Task description
Exactly as written, reproduce the lines from the beginning of the data through the line containing "brez prevajalca ni šlo."; the pictures are not reproduced.

Entries provided
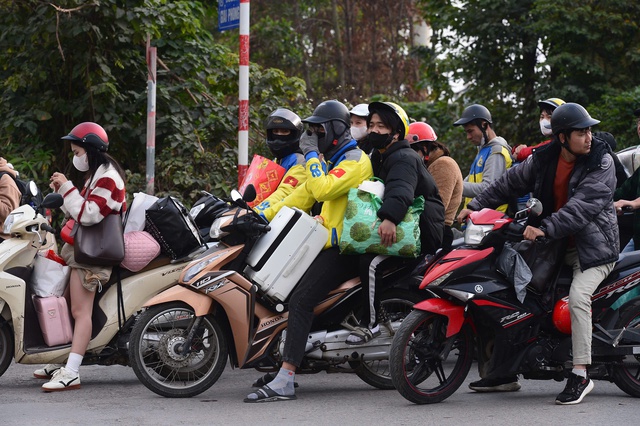 Hà Nội: Ùn ứ trên mọi nẻo đường, người dân vất vả về quê đón Tết- Ảnh 3.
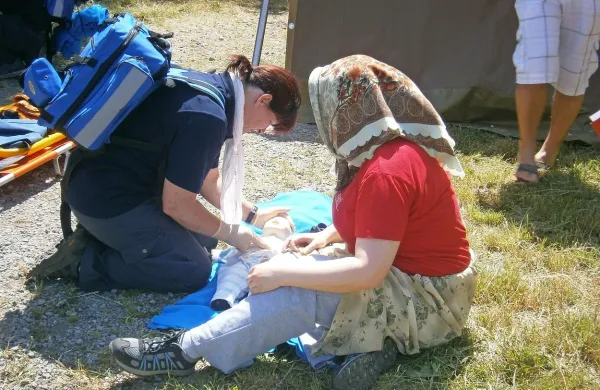 Ekipe prve pomoči so nudile pomoč dojenčku sirske begunke, ki ni kazal znakov 
življenja. Nato je v šok padla še mamica, vse skupaj pa je zapletla  komunikacija, saj 
brez prevajalca ni šlo.

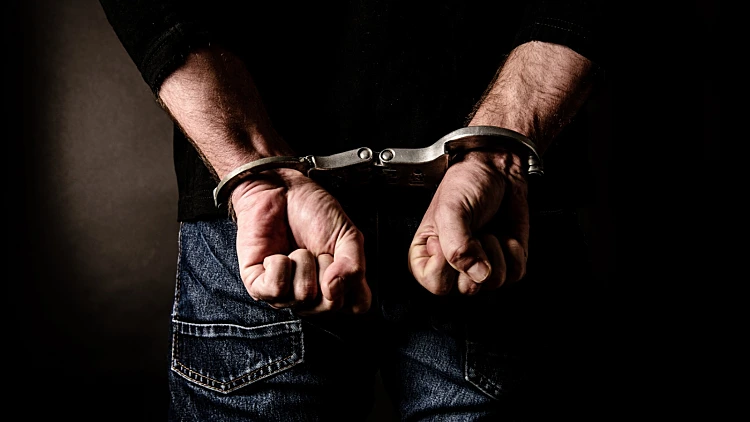 גבר באזיקים (אילוסטרציה)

Reply to the exercise
 Hà Nội: Ùn ứ trên mọi nẻo đường, người dân vất vả về quê đón Tết- Ảnh 3.
 Ekipe prve pomoči so nudile pomoč dojenčku sirske begunke, ki ni kazal znakov 
življenja. Nato je v šok padla še mamica, vse skupaj pa je zapletla  komunikacija, saj 
brez prevajalca ni šlo.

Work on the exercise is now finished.